My spouse told me that warranties only work for expensive products; usually, cheap rice cookers costing under 500,000 vnd, even if advertised with warranties, are not fixed or refunded by the store.
Even if I already had almost all my electronics broken, including this electric barbecue within a year, the wire inside burned, I haven’t had the chance to test this affirmation, but you should beware of this too.
Toys and equipement for children
When you buy toys for your children in Vietnam, you have to be very careful. Here, regulation is not as strong, so it’s easy to get dangerous toys for your children. For example, a cheap Rubik’s cube that can break into many pieces and be swallowed by a kid
Also, the quality is not the same as in Europe; things can be broken so quickly. Everything has been calculated to be as cheap as possible and the opposite in terms of durability. So fabrics are often very easy to break compared to their European counterparts.
Because each market has different needs, producers must adapt to the demand, and in Vietnam, cost is the priority for mainstream low-cost products.
Food and beauty product
Food can be sold by unofficial stores and could be peremptory, not properly stocked, or even tempered with. We highly suggest you buy from an official seller for peace of mind.
Street food from small restaurants is a big thing in Vietnam; most sellers are family members living in the upper floors of the stores.
Most people sell some kind of food, and while 99% of the time the food will be fine since Vietnamese know well how to avoid food contamination, sometimes it still can happen.
My wife and I had the terrible experience of buying sticky red rice in our neighborhood. We were sick for days and even threw up multiple times. The weather is so hot in Asia that bacteria can proliferate within a few hours.

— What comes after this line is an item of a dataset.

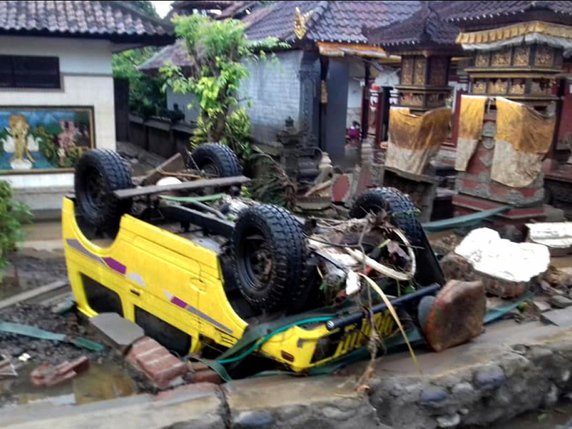 Des images de télévisions locales montrent des routes bloquées par les débris de maisons dévastées par le tsunami, des voitures et des arbres retournées. © KEYSTONE/EPA BNPB/BNPB / HANDOUT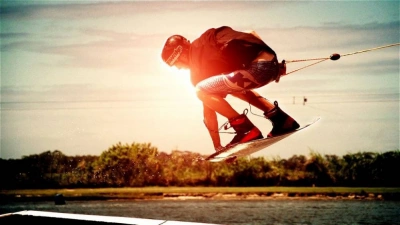 Як вибрати парковий і універсальний вейкборд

At the end, there are some products you can only buy from trusted sources. One of the craziest rumors circulating is that used condoms can be cleaned and resold, which sounds almost like a hoax, to be honest.
In Vietnam, products are cheap for many reasons. First, purchasing power is low compared to western countries, so products have to be cheap to find many buyers. The quality is directly impacted by this trend; products will often work for a year before needing to be replaced.
Also, the weather makes it hard for products to last, not just electronics but also clothes, which can easily get stained with mold if not stored properly.
The result of all these effects is that high-quality products are often imported from other countries, where they last longer but are also more expensive compared to local products.
People tend to own and focus less on expensive materials and favor buying a lot of cheap products instead. After all, the pleasure is half the purchasing process.
Perhaps the only brand products that are bought by most of the population are those that are expected to last, such as a scooter (bike), a phone, a fridge, a TV, etc.
Only the upper class can afford designer clothes and expensive but non-essential products anyway.